Throw in the juice of three to four limes.

Optional: and this is one of the ways my sangrita diverges from most---add the juice of one fresh grapefruit!

Add a few spoonfuls of Worcestershire Sauce. Some people use Steak Sauce, but I don’t.

Add in either de-seeded and diced hot peppers, or as a shortcut, Cholula Hot Sauce (you may prefer Tapatio, but I sincerely prefer Cholula). If you want a smokier, chipotle-style tang, use a smokier hot sauce. Please note the idea here is to add a little smoky heat, not to burn your taste buds out. What's the point of that? Then you won't be able to appreciate the tequila!

Another divergence of my sangrita: in a blender, liquefy a couple of medium, juicy tomatoes and a small sweet onion, and then strain through a sieve and add to the mix.

Salt and pepper to taste. Add celery sauce if you want. Can’t hurt.

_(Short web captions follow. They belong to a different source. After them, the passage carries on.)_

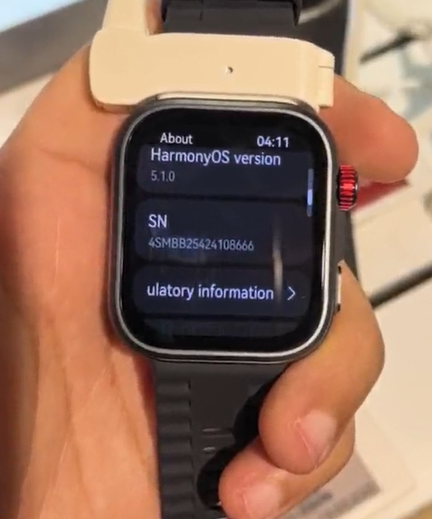 LivingInHarmony's tweet photo. Watch 5 and Watch Fit 4 running later HarmonyOS 5.1 (5.1.0) are the first global OpenHarmony 5.1.0 API 18 based devices to experience the globalization capabilities built into the core OS base.
#Watch5 #WatchFit4 #Huawei 
https://t.co/LOeKQ9BzDj https://t.co/yEGFJ955JH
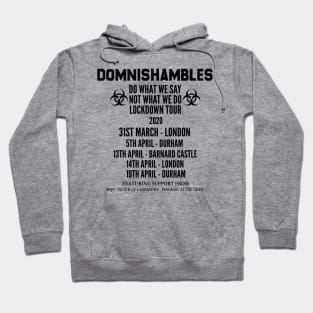 DOMNISHAMBLES Dominic Cummings 2020 Hoodie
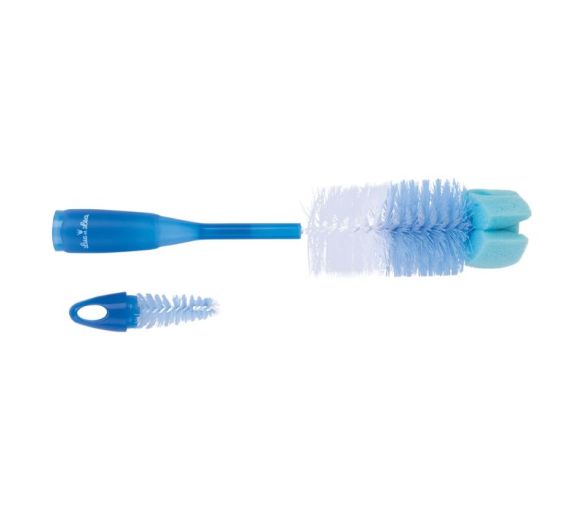 Flaschenbürste 2 in 1 für Flasche und Sauger Luc und Léa - 1 Flaschenbürste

Seal the jar, and shake it wildly, and you have sangrita. Keep chilled in the fridge.

Serve it next to your caballito (the tall shot glass that good tequila is often served in). Make sure you use 100% Agave Tequila. I prefer Reposado. And I reccomend Herradura Resposado, because it's rested/aged for 11 months, rather than the two required.

Sip the tequila. Sip the sangrita. Repeat application as needed. Show your friends how sophisticated you have become.

Tuesday, June 2, 2009

A Mature Riesling, Bree and Me...

There I was sitting blissfully atop Spring Mountain, overlooking Napa Valley and the town of St. Helena far, far below. The day was dwindling down into summer twilight, a chill fog was scudding in, weaving its way through the vineyards below, good friends were surrounding me, fine cheeses were on the table, and I had a glass of Navarro Riesling before me.
Ah, but it wasn't just any glass of Navarro: it was a bottle I had been husbanding in my wine cage for some time, intrigued by how it might age and develop. This was a Navarro Riesling Anderson Valley 2000.

The folks at Navarro typify the pioneering aspects of California artisanal vintners. They aren't interested in pushing the volume envelope or setting the business world on fire by posting ever-increasing profit margins; they are more concerned with producing wines of distinct character and style, wines that reflect their place and their passions. And they have a pretty loyal following in their endeavor.

Fellow traveler Allan Bree in particular is fond of Navarro, so I thought this the appropriate occasion to sample this moderately aged Riesling. I could tell I was right when I saw his eyes light up as I pulled the bottle from the bag and showed him the vintage on the label.

The wine was solid and foursquare, with distinct Riesling character, and it was handling its age---ancient by California Riesling standards; modest by Navarro standards---with grace and dignity. I use the words advisedly, because this is not, definitely not, a young and nubile Riesling. It is mature, developed, and far beyond the blush of youth. The pretty florals of honesuckle and jasmine are all gone. The juicy fruitiness has become lean, and crisp, and has transitioned to tart quince, dried apricot, and citrus overtones. It has also taken on heft, more muscle over fat than simply weight, though, for it is firm and far from flabby.
There was a fierce streak of lemon-pith bitterness at the very end that could be off-putting to some. It wasn't to me, or fellow drinker Brad Kane (although he identified it as well), and Bree positively bridled at the suggestion...first, that there was any bitterness at all, and second that it might be found unattractive. I tried to convince him that "bitterness" was not necessarily a negative term, but he was dubious and looked at me askance for the remainder of the evening with great suspicion that I was impugning one of his favorite producers.

Hey, I like bitterness. Sometimes. And it was more an accent statement here than anything, and definitely pulled back in intensity with the cheeses on the table. So all in all, an impressive wine, holding its age well, and showing the ability of Riesling to develop beyond the infant years to show other facets of its persona. Shows what can be done with a great variety from a good location, handled with attention and care.